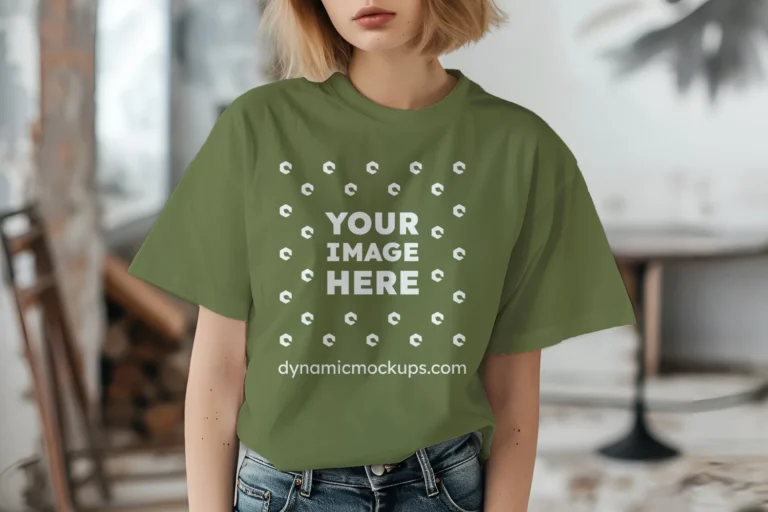 Woman Wearing Olive Green T-shirt Mockup Front View Template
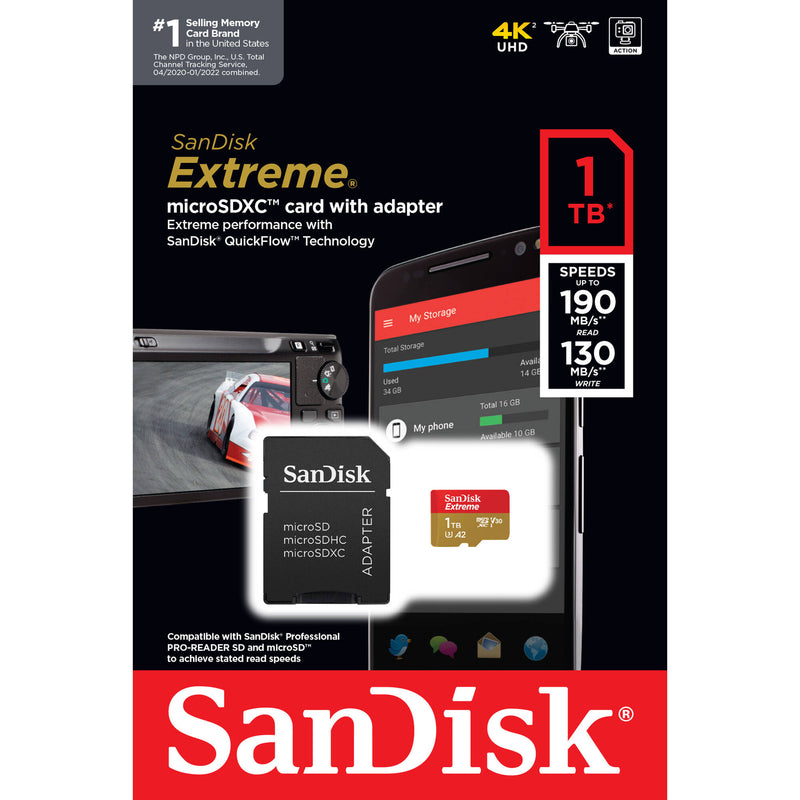 SanDisk 1TB Extreme UHS-I microSDXC Memory Card with SD Adapter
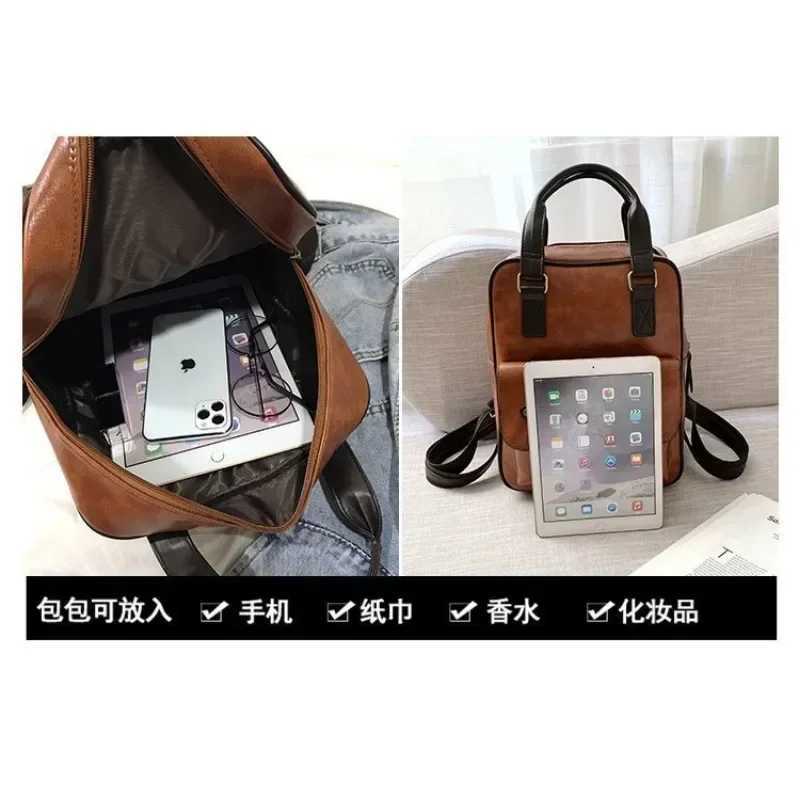 High Quality Pu Leather Womens Backpack Fashion New Designer Vintage New Ladies Travel Backpack Solid Color Women Shoulder Bags Z250512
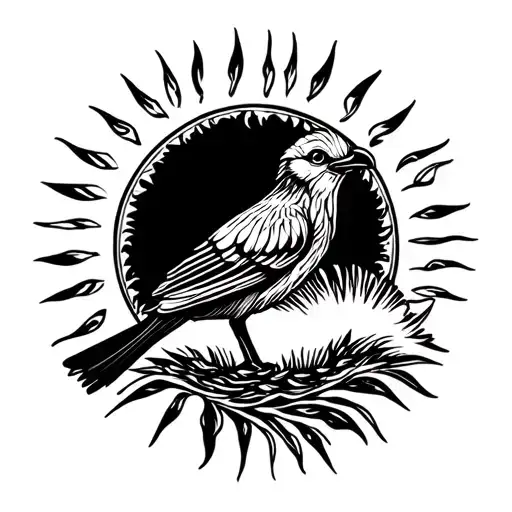 filipino sun with a kiwi bird sitting tattoo design idea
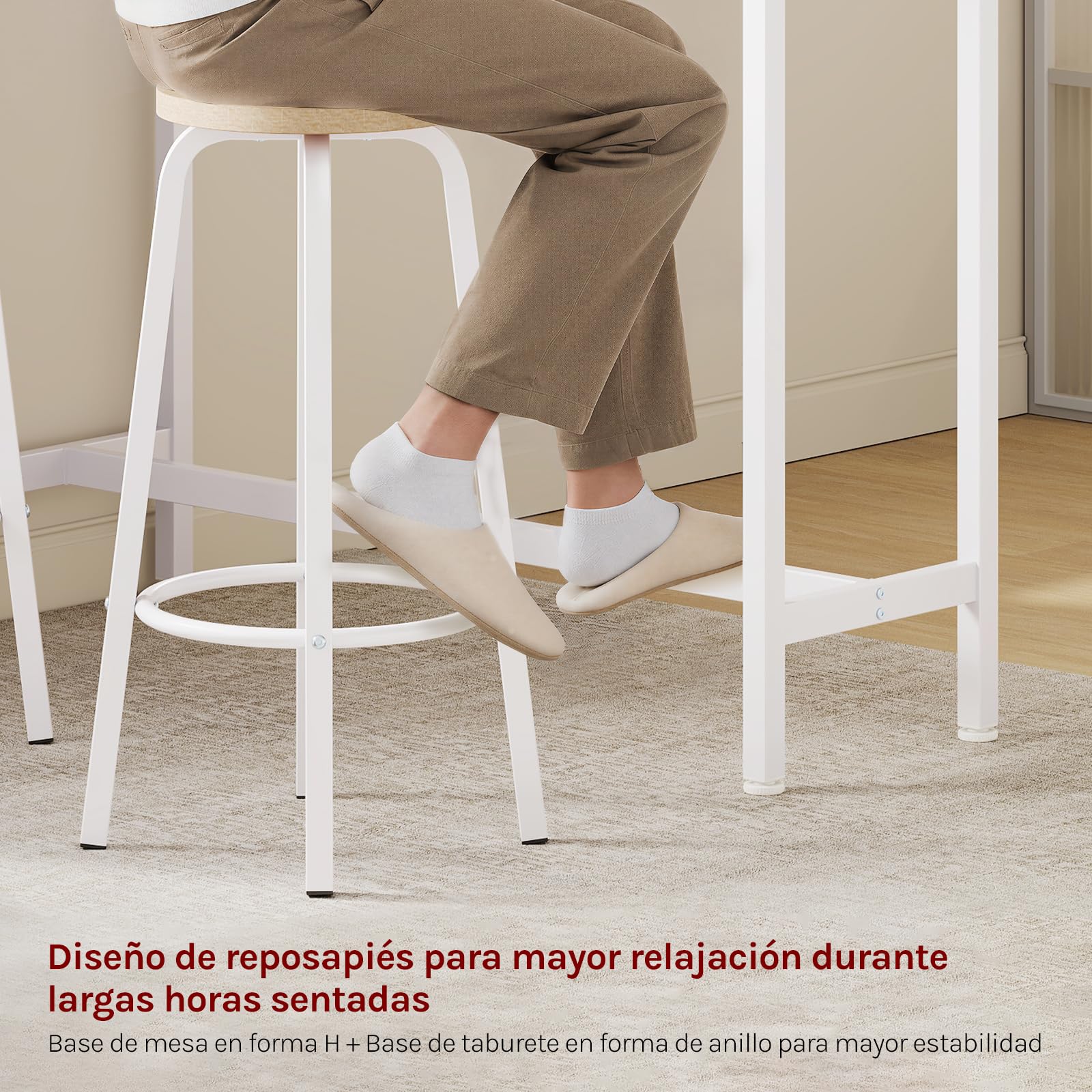 WOLTU Set Mesa de Bar y 2 Taburetes, Muebles de Bistro de Comedor para Salon, Barra Cocina con Estructura de Metal, 120x40x100cm, Blanco + Roble Claro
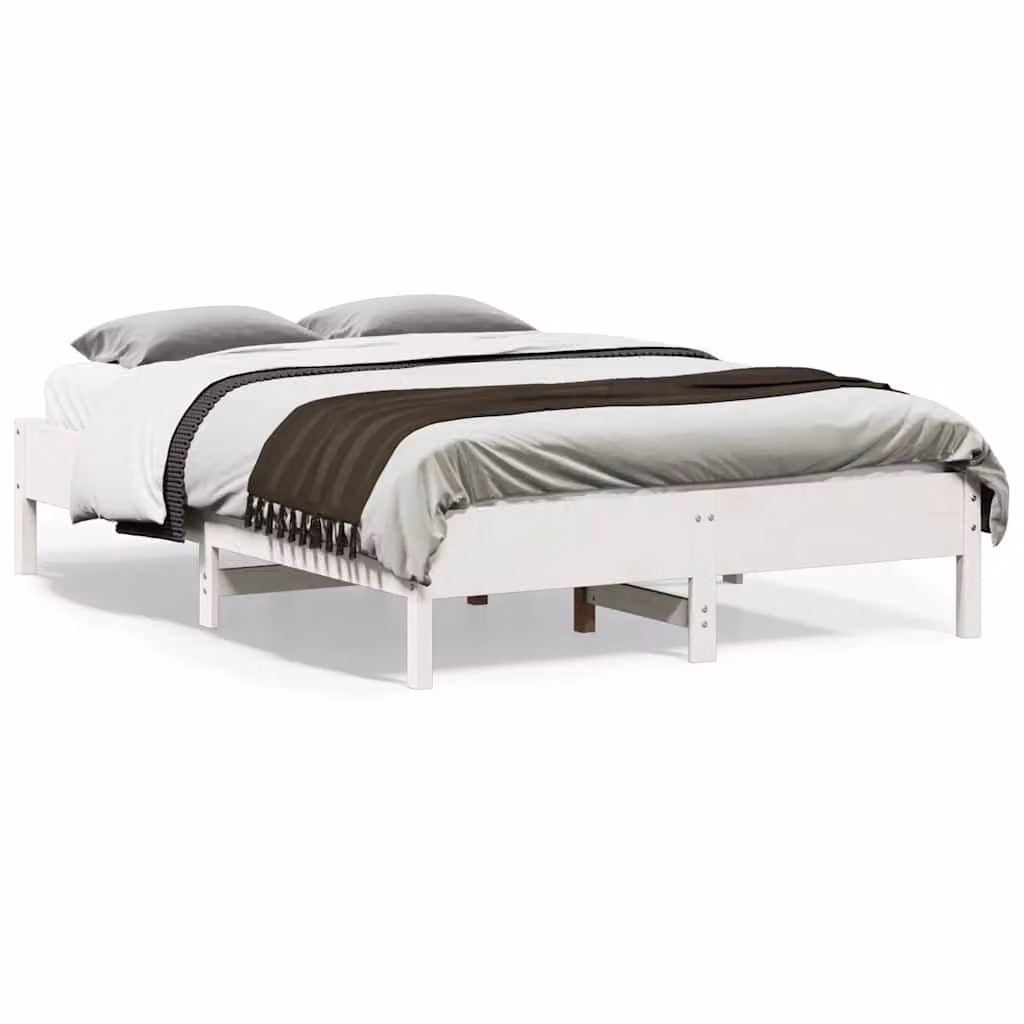 Letto senza materasso vidaXL in legno massello di pino bianco con doghe fisse L: 140,5 cm, P: 195,5 cm, H: 36,5 cm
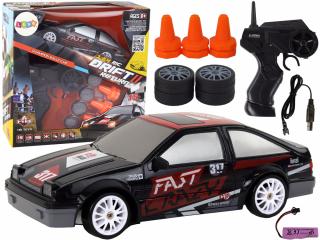 Diaľkovo ovládané drift športové auto RC 1:24 čierne - vymeniteľné kolesá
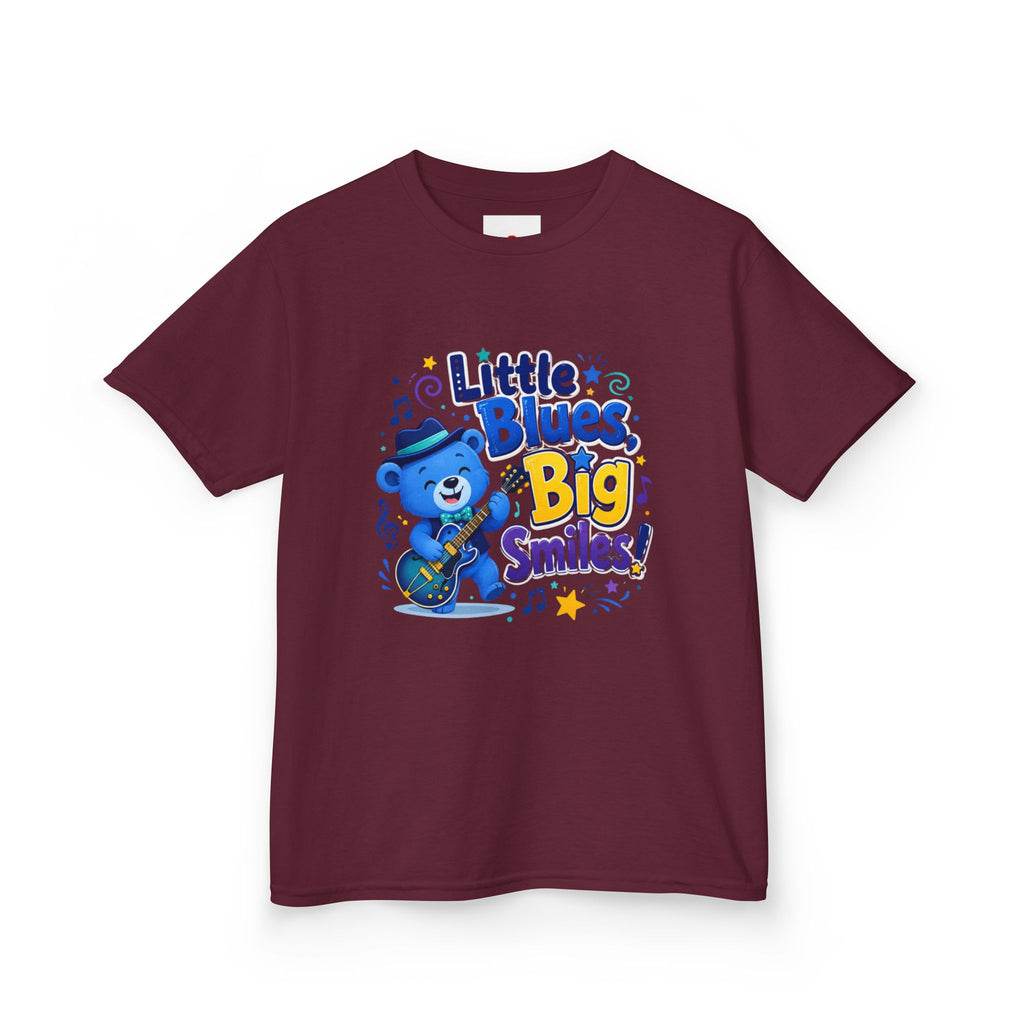 Kids Tee — "Little Blues, Big Smiles!" Guitar-Bear Graphic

# # # # #

> [What you will do] Every entry above has to be repeated exactly, apart from its pictures.

> [Task response]
 Woman Wearing Olive Green T-shirt Mockup Front View Template
 SanDisk 1TB Extreme UHS-I microSDXC Memory Card with SD Adapter
 High Quality Pu Leather Womens Backpack Fashion New Designer Vintage New Ladies Travel Backpack Solid Color Women Shoulder Bags Z250512
 filipino sun with a kiwi bird sitting tattoo design idea
 WOLTU Set Mesa de Bar y 2 Taburetes, Muebles de Bistro de Comedor para Salon, Barra Cocina con Estructura de Metal, 120x40x100cm, Blanco + Roble Claro
 Letto senza materasso vidaXL in legno massello di pino bianco con doghe fisse L: 140,5 cm, P: 195,5 cm, H: 36,5 cm
 Diaľkovo ovládané drift športové auto RC 1:24 čierne - vymeniteľné kolesá
 Kids Tee — "Little Blues, Big Smiles!" Guitar-Bear Graphic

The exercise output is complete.